Product Selector

Fusion 5.12
    Fusion 5.12

    Classification Jobs

    This job analyzes how your existing documents are categorized and produces a classification model that can be used to predict the categories of new documents at index time.

    For detailed configuration instructions and examples, see Classify New Documents at Index Time or Classify New Queries.

    This job takes raw text and an associated single class as input. Although it trains on single classes, there is an option to predict the top several classes with their scores.

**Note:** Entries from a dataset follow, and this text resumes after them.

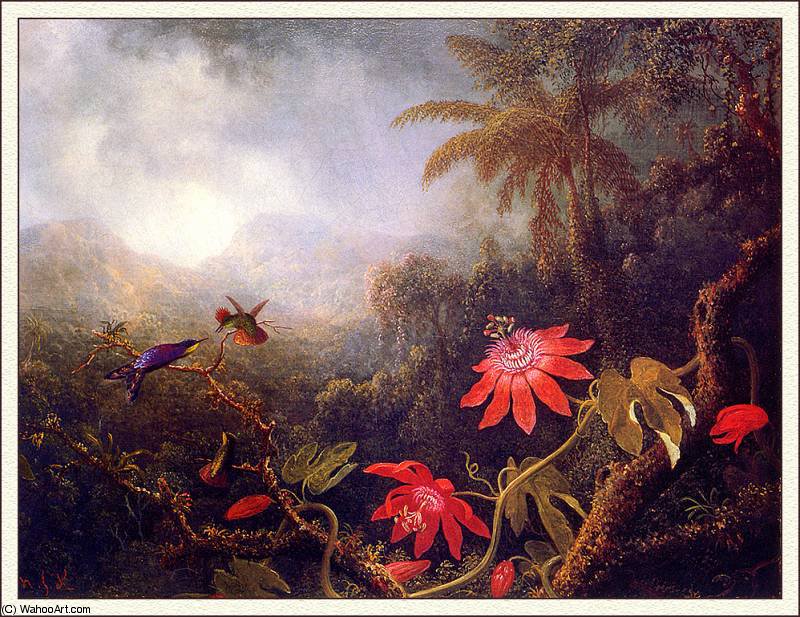 Passion Flowers With Three Hummingbird — Martin Johnson Heade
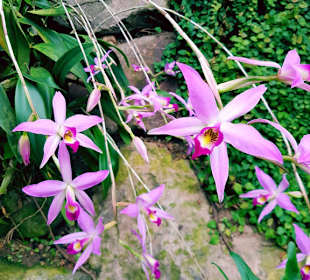 Laelia anceps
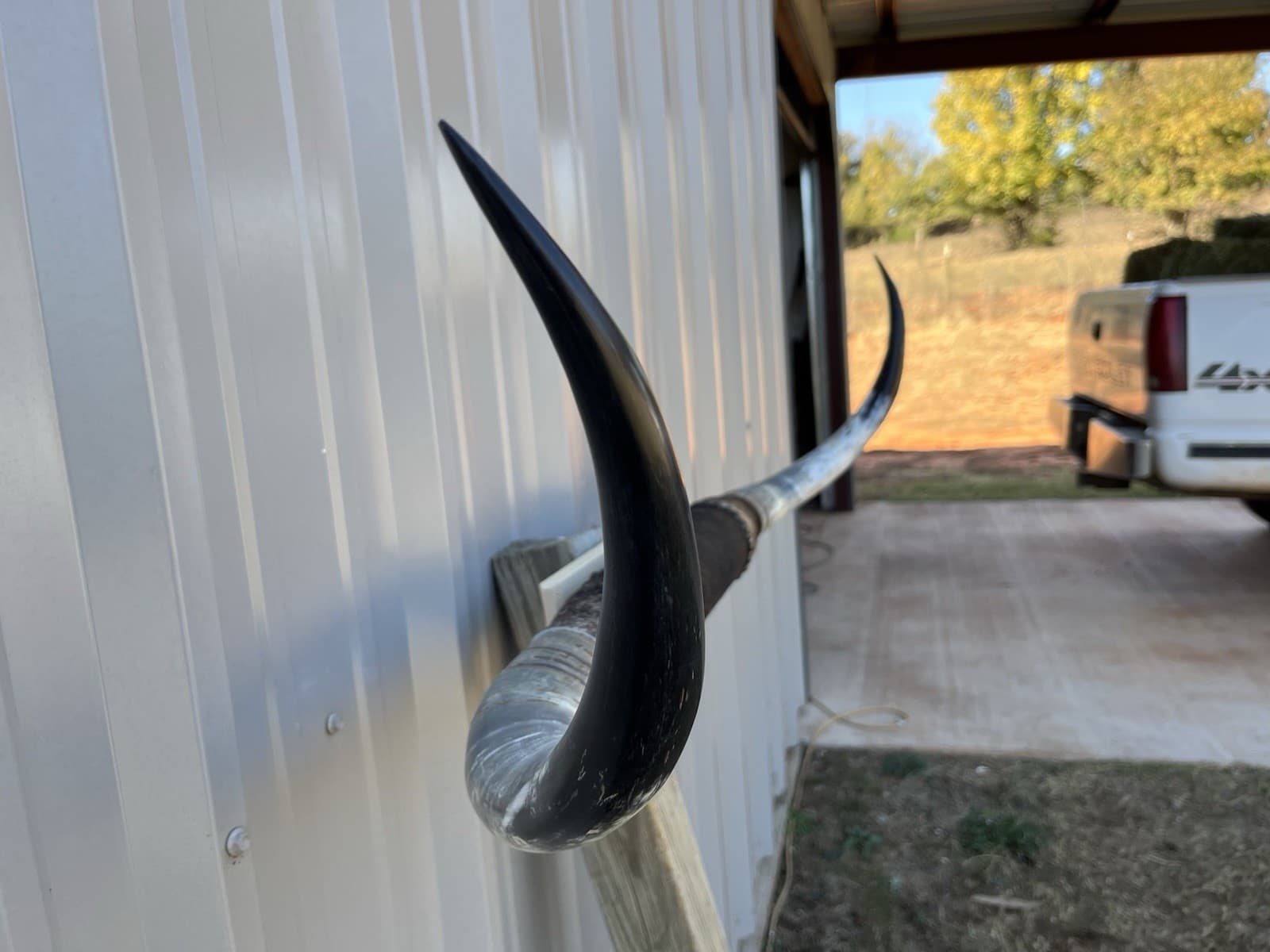MOUNTED STEER HORNS 4 FEET WIDE LONGHORN Sanded Horn MOUNT BULL COW 2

    At a minimum, you must configure these:

    • An ID for this job

    • A Method; Logistic Regression is the default

    • A Model Deployment Name

    • The Training Collection

    • The Training collection content field, the document field containing the raw text

    • The Training collection class field containing the classes, labels, or other category data for the text

    Lucidworks offers free training to help you get started with Fusion. Check out the Classification course, which focuses on understanding the different classifier models in Fusion:

    Classification

    Visit the LucidAcademy to see the full training catalog.

    Classification at index time

    Used at index time, a classification model can be applied to predict the categories of new, incoming documents. To train a model for this use case, use your main content collection as the training collection. The model requires at least 100 examples in the training data for each category predicted.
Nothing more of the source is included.